The initial request for this interview prompted a measure of concern at the Amateur Boxing Association (ABA). It was understandable: it is not often that a Romany Gypsy qualifies for the Olympic Games. In fact, Billy Joe Saunders is the first from Great Britain. And because he is also 18 and has burst like a shooting star to the top of his métier, his media training has been minimal.
The concern is that the teenager from a Hertfordshire travellers' site is going to steal headlines because of where he lives rather than the way he boxes. The concern is that Saunders's background has associations that are sometimes negative.
If not misplaced, such anxiety is unnecessary. Saunders's background is not a subject on which he feels the remotest desire to remain reticent. Indeed, he is as proud of his roots as he is of his boxing. And if his progress in the ring were to continue on such an astonishingly upward curve, he would make a poster boy for both.
If he does continue to track so closely the footsteps of Amir Khan, there will soon be few who do not know that he is boxing in the name of the travellers' community, to kill off some of the prejudice and give his people a good name. “Every traveller knows me now,” he says and he rolls his eyes as if to suggest that he cannot quite believe the path his career is following.

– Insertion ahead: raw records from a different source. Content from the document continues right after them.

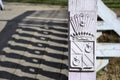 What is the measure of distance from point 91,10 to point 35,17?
504 centimetres

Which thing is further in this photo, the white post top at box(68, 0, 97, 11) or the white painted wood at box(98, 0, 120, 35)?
the white painted wood at box(98, 0, 120, 35)

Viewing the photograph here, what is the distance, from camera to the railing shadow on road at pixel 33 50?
6922 mm

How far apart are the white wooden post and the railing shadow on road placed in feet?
3.90

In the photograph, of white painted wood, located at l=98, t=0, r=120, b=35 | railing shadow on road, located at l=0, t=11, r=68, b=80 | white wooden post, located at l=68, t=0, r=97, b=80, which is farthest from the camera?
railing shadow on road, located at l=0, t=11, r=68, b=80

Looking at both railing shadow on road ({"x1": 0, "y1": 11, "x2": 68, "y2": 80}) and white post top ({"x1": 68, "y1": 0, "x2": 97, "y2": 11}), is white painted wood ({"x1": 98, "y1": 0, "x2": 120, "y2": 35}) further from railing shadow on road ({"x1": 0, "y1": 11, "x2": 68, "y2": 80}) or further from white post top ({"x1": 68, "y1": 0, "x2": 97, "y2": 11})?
railing shadow on road ({"x1": 0, "y1": 11, "x2": 68, "y2": 80})

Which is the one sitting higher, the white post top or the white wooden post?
the white post top

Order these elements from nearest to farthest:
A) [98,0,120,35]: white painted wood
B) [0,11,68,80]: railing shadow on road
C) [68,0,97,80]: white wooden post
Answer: [68,0,97,80]: white wooden post
[98,0,120,35]: white painted wood
[0,11,68,80]: railing shadow on road

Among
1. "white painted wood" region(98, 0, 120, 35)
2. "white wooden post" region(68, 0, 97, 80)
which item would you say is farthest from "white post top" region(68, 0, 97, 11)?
"white painted wood" region(98, 0, 120, 35)

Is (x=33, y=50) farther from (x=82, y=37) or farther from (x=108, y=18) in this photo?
(x=82, y=37)

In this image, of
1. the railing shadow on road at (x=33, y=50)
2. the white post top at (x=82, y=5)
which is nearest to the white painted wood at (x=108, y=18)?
the white post top at (x=82, y=5)

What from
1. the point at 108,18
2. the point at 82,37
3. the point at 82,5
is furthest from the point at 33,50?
the point at 82,5

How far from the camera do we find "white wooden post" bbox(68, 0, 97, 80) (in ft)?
17.6

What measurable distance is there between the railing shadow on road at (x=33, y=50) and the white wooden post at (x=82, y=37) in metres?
1.19

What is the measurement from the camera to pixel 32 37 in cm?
859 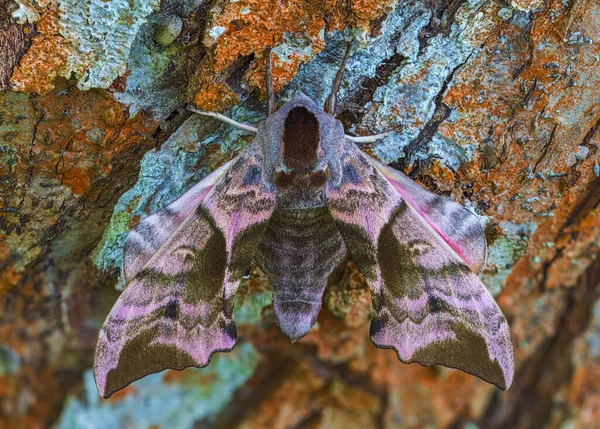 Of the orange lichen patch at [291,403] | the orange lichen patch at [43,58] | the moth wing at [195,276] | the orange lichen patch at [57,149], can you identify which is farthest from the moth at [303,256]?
the orange lichen patch at [291,403]

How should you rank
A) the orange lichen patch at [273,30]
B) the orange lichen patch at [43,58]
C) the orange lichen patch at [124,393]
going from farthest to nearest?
1. the orange lichen patch at [124,393]
2. the orange lichen patch at [273,30]
3. the orange lichen patch at [43,58]

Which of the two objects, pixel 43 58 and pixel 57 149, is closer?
pixel 43 58

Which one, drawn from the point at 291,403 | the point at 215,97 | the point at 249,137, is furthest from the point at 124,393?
the point at 215,97

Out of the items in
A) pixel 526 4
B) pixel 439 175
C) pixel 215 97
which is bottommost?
pixel 439 175

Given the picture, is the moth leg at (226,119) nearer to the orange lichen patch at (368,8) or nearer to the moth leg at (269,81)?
the moth leg at (269,81)

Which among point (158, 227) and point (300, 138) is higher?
point (300, 138)

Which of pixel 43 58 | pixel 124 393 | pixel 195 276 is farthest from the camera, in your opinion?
pixel 124 393

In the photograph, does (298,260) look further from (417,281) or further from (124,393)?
(124,393) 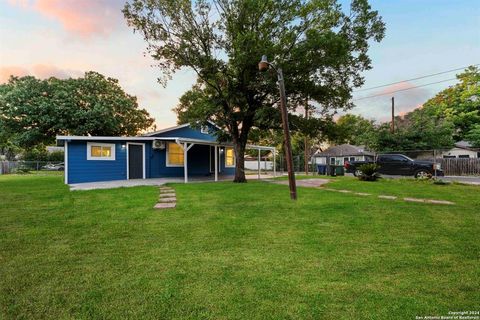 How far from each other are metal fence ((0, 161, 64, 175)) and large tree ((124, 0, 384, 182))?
23.9 meters

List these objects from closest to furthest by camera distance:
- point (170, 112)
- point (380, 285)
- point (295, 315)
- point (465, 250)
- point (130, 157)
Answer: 1. point (295, 315)
2. point (380, 285)
3. point (465, 250)
4. point (130, 157)
5. point (170, 112)

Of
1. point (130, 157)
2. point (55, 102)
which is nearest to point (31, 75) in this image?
point (55, 102)

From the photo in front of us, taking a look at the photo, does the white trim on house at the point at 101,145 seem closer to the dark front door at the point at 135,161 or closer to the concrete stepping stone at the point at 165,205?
the dark front door at the point at 135,161

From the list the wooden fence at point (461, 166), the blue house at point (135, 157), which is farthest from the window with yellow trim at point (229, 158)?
the wooden fence at point (461, 166)

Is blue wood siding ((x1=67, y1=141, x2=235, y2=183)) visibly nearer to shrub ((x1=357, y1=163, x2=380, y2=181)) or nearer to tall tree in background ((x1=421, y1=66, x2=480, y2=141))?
shrub ((x1=357, y1=163, x2=380, y2=181))

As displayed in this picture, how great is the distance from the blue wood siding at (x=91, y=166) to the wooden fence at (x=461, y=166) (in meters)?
19.4

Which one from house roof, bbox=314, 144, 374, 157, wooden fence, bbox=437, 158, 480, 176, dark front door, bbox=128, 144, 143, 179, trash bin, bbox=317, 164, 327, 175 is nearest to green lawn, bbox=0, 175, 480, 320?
dark front door, bbox=128, 144, 143, 179

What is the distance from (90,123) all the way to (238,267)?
25402mm

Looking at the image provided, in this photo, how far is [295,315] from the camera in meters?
2.12

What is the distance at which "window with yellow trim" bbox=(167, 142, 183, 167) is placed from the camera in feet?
52.7

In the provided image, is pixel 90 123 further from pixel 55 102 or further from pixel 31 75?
pixel 31 75

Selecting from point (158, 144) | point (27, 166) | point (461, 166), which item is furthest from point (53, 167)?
point (461, 166)

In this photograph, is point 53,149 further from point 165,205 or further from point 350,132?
point 165,205

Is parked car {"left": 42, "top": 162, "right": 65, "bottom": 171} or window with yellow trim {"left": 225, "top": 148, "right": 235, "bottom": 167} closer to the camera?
window with yellow trim {"left": 225, "top": 148, "right": 235, "bottom": 167} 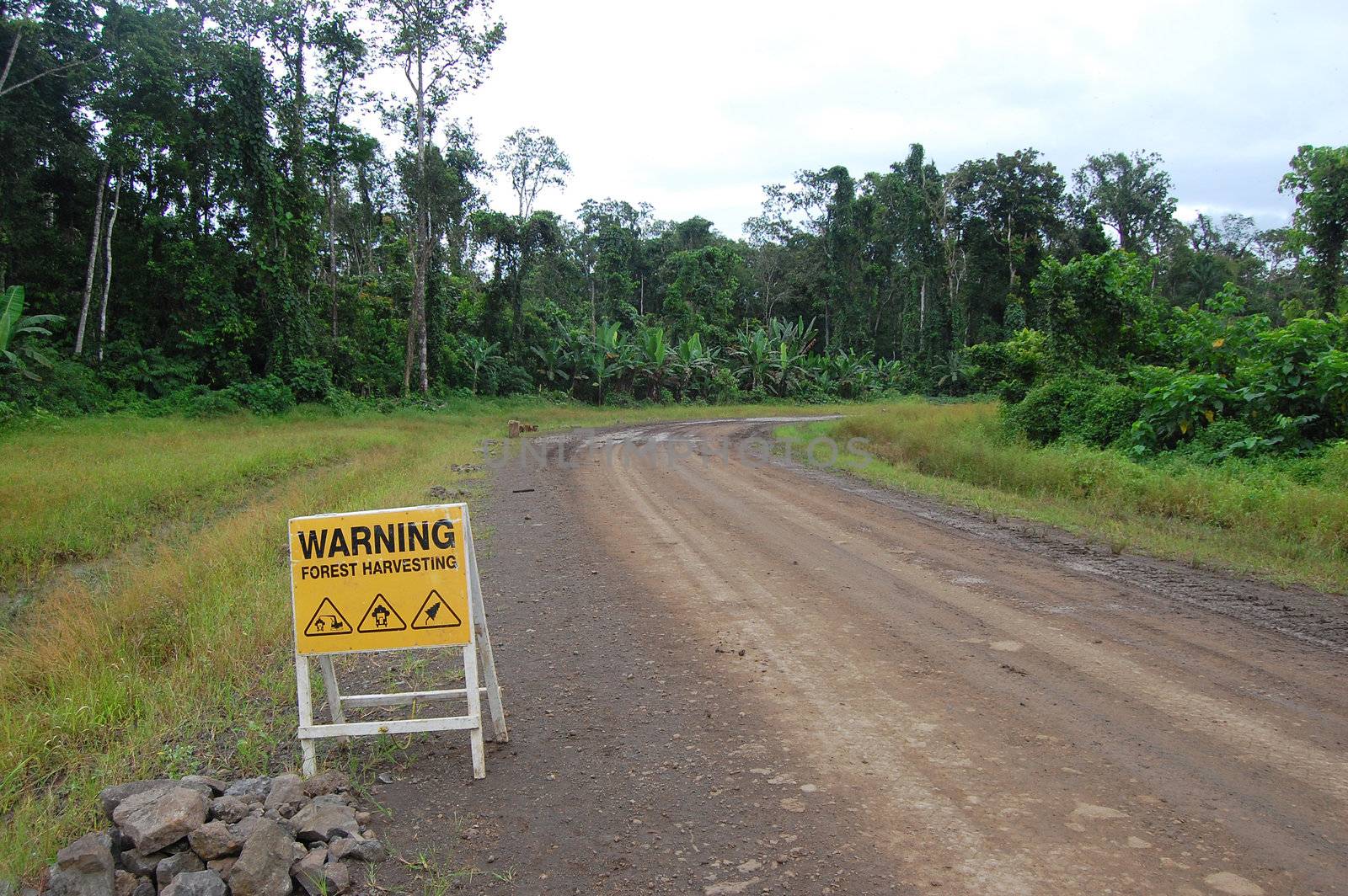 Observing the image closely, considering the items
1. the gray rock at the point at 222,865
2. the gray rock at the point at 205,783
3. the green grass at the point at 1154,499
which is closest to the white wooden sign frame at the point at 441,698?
the gray rock at the point at 205,783

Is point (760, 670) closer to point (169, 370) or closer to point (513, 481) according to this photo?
point (513, 481)

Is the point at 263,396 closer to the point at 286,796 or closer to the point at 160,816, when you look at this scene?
the point at 286,796

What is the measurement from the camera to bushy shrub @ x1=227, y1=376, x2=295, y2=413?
26.8m

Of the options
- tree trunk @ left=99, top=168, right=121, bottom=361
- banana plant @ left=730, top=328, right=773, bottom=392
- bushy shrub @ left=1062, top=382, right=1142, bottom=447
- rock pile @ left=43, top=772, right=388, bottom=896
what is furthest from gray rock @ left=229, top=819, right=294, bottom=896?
banana plant @ left=730, top=328, right=773, bottom=392

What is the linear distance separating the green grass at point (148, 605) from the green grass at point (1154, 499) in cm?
786

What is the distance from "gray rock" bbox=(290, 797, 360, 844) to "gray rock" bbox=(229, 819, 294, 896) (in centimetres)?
10

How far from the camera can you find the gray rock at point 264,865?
10.1 feet

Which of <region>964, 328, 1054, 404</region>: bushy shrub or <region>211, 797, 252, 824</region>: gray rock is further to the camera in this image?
<region>964, 328, 1054, 404</region>: bushy shrub

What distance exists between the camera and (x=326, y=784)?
380cm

Yet this is the life of Billy Joe Saunders, a young man so thrilled to be so high on the crest of his wave. In the future, maybe, when he has come down the other side and authority figures have smoothed off some of the edges, he may not, for instance, take his son, who is seven months old, into his interviews (the boy's mother, he tells us, lives on the travellers' site in the lot next to his), and neither may he offer so gleefully the fact that he is still, contrary to his coach's wishes, playing striker for his travellers' football team (they lost 21-9 to the Sandy travellers recently. “We have goalkeepers,” he explains. “But they're not very good”).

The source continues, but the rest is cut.